(Items from a dataset)
┌──
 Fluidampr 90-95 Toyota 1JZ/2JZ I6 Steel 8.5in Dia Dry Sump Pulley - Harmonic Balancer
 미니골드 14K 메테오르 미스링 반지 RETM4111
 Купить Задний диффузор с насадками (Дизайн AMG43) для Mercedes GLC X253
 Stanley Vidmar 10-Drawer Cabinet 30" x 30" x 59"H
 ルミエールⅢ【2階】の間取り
└──
┌──
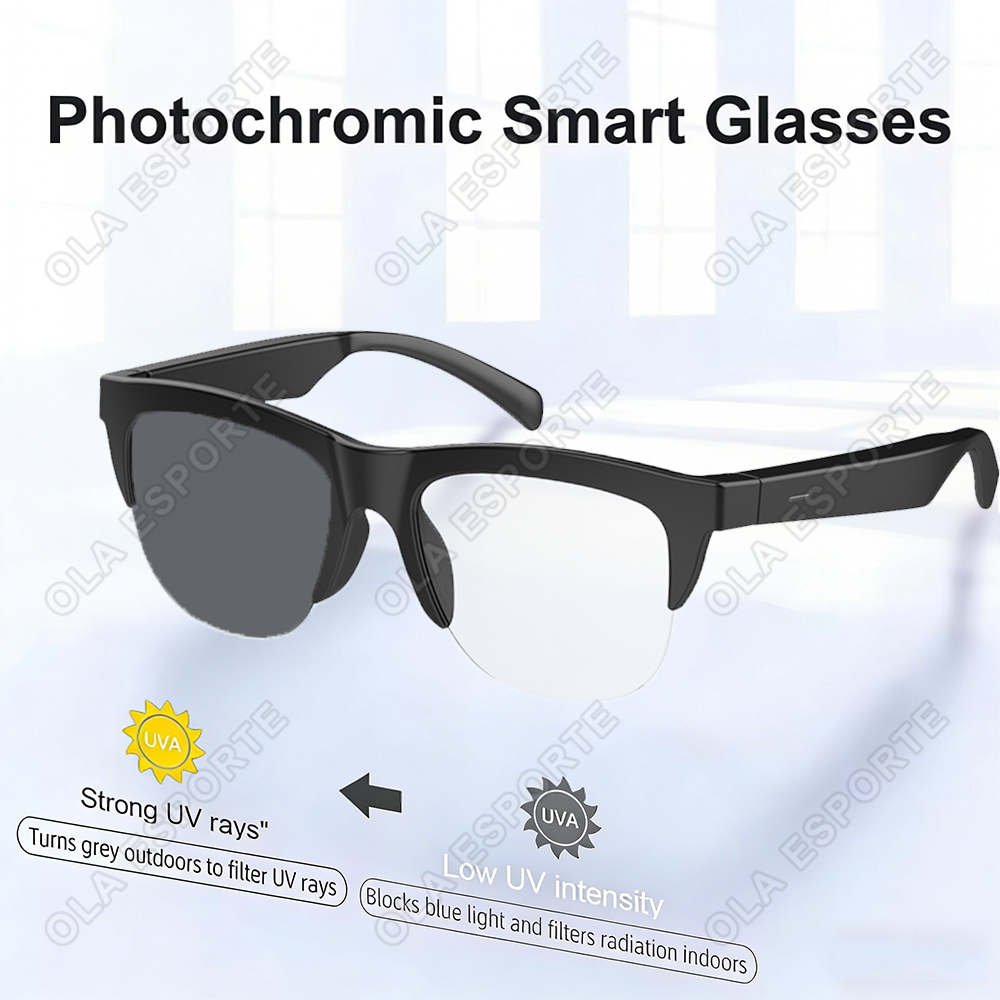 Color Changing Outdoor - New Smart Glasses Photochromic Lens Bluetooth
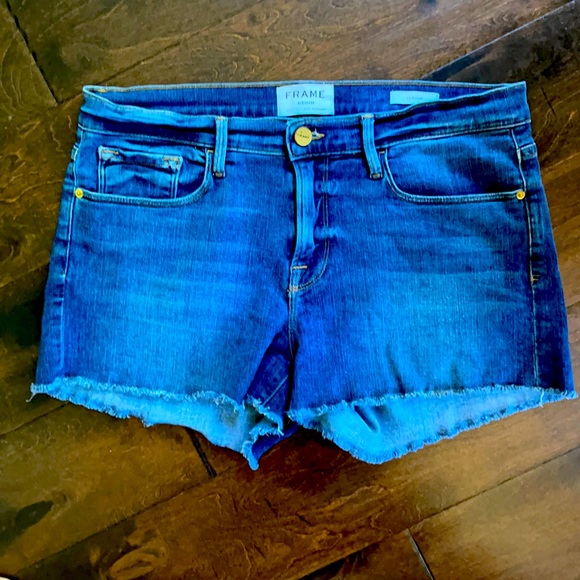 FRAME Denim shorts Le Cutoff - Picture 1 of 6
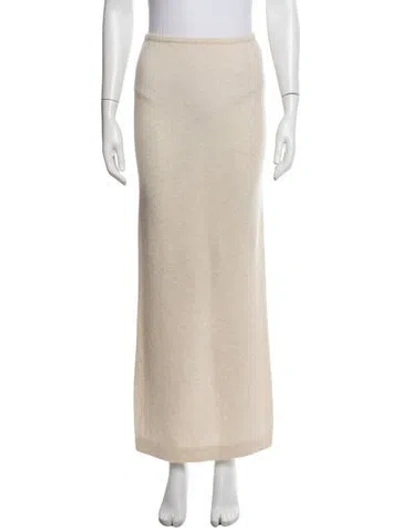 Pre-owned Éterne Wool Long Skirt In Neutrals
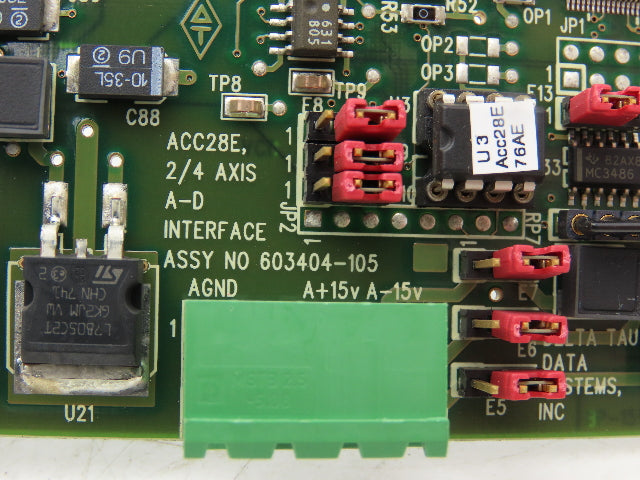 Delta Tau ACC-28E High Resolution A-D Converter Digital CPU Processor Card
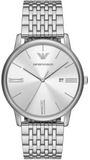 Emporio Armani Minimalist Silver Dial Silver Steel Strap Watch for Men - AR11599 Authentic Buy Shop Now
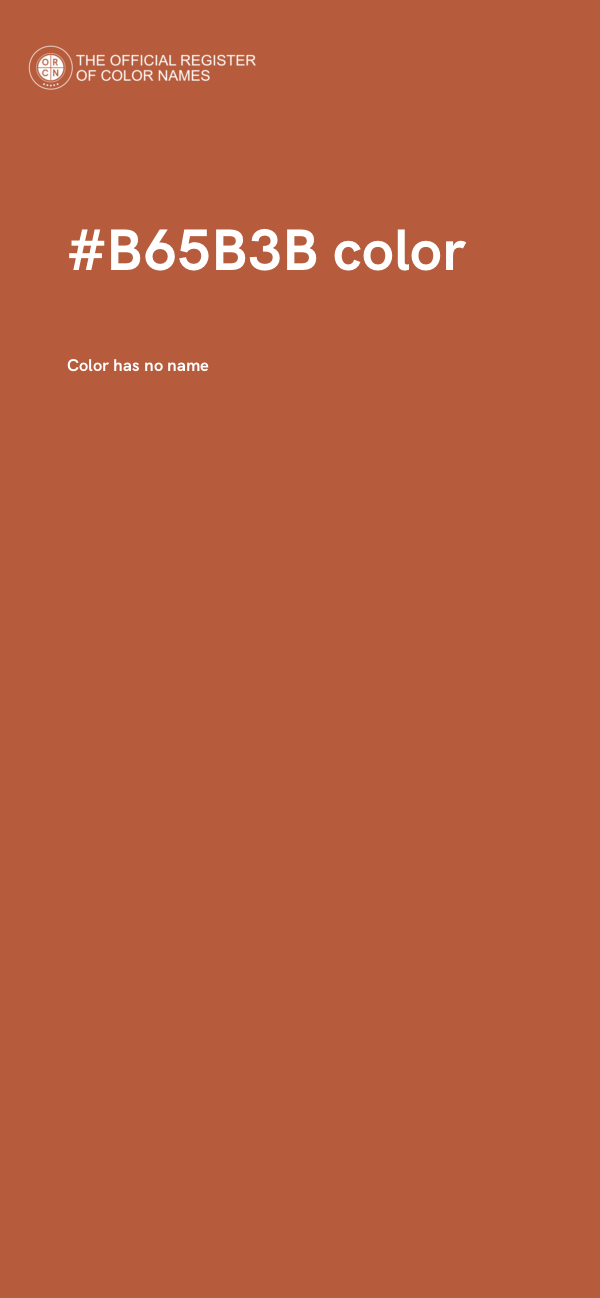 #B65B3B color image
└──
● **TASK**
What you give back should be only the lines of the records above, starting at the line with "미니골드 14K 메테오르 미스링 반지 RETM4111" and ending at the line with "ルミエールⅢ【2階】の間取り", restated word for word.

● **ANSWER AREA**
 미니골드 14K 메테오르 미스링 반지 RETM4111
 Купить Задний диффузор с насадками (Дизайн AMG43) для Mercedes GLC X253
 Stanley Vidmar 10-Drawer Cabinet 30" x 30" x 59"H
 ルミエールⅢ【2階】の間取り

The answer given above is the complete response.